Howdy, partner. How are you? I had another nice PNW weekend. It is my friend Andy from high school’s birthday this week, but since he is headed to Chicago we celebrated Saturday with a hike out in the Cascades. Then, we went to an Everette Aquasox baseball game. All in all, not the worst day.
Unfortunately, my foot is really hurting. I don’t think I did anything specifically to hurt it, but there is something wrong with the bottom of my arch. Not good, my friend. Not good. I was finally getting back to pre KC pace. On my last few runs I’ve hauled and (with the exception of my foot on the last run) it’s felt really good. Dang it.
You can’t win them all now can you?
I’ve started doing some work for this app start-up. It’s interesting and at least they are paying me a little but I’d be a lot more comfortable with regular income, ya know.
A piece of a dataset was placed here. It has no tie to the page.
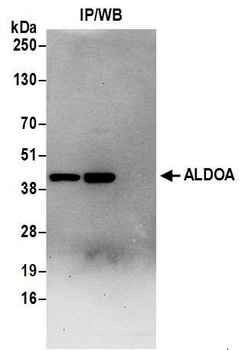 ALDOA Antibody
Still not sure whether I want to stay or go. I like this boy, but then sometimes I find myself looking at him and wondering if this is what I really want. I feel like maybe he is a pretty selfish person (and I think we all are at this point) but I’m just not sure. We’ve been having a few communication issues, and I can only identify this because it is EXACTLY what I would do, but it’s as if he’s trying to give me an out.
Like, the other night we went out and I met some of his friends. Then he decided it was time to go home and I was like, ok, sure. So we went to his house. He seeemed like he was in a bad mood. He went to the bathroom and I was just standing there, part thinking about all the shoes he had lined up by his door and part wanting to run and when he came out he got mad at me for just standing there.
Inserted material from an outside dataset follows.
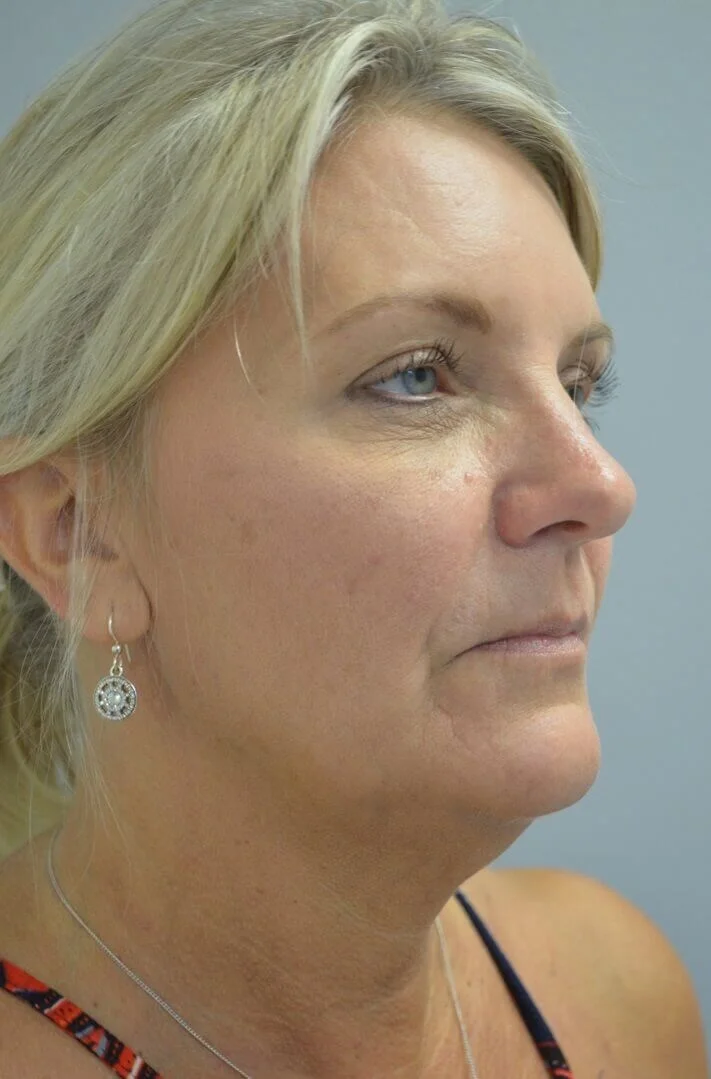 Deep plane facelift before — Austin TX patient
I’m a weird girl, but jebus. He was like “I’m just going to take you home.” And I was like, “Wait, what?” And he was mad at me because I was just standing there.
It’s so hard sometimes. We just expect that people are going to let us down, so we try to give them an easy out.
Do I want an easy out?
What a difference you make
What a word that you say now could mean when it’s over, and it comes time for change
Maybe? Should I have taken it? I mean, we ended up talking it out but seriously. I don’t do things I don’t want to do.
Cause I’m gonna miss you
I’m gonna miss you when you’re gone
I’m gonna miss you
I’m gonna miss you when you’re gone, ah
Also, am I really that difficult/infuriating?
I missed connecting with my father yesterday (stupid time zone math) but we had a nice talk today. We discussed my ideas about Kansas City. I’m pretty sure it wouldn’t take long for him and my mother to relocate down somewhere between there and St. Louis (where my little bro is) should I move there.
I just don’t know, Mag.
I miss my family a lot. I miss my friends. I really hate this waiting shit. I really, really do. My father seems to understand (and dare I say support) my inclination to move to KC.
I have to go in a minute and work for that startup. I got my hopes up a lot last week with all my interviews. A recruiter from Zillow reached out but I haven’t heard from her since. Everybody all over just always getting my hopes up it seems. It would be easier to stay than leave. But maybe I still want to leave?
What a life this could be
What a promise you make now could mean when the day comes, that everything you see
Is without me
I. Don’t. Know.
Talk to you in a week. I’m sure it’ll be a completely different story.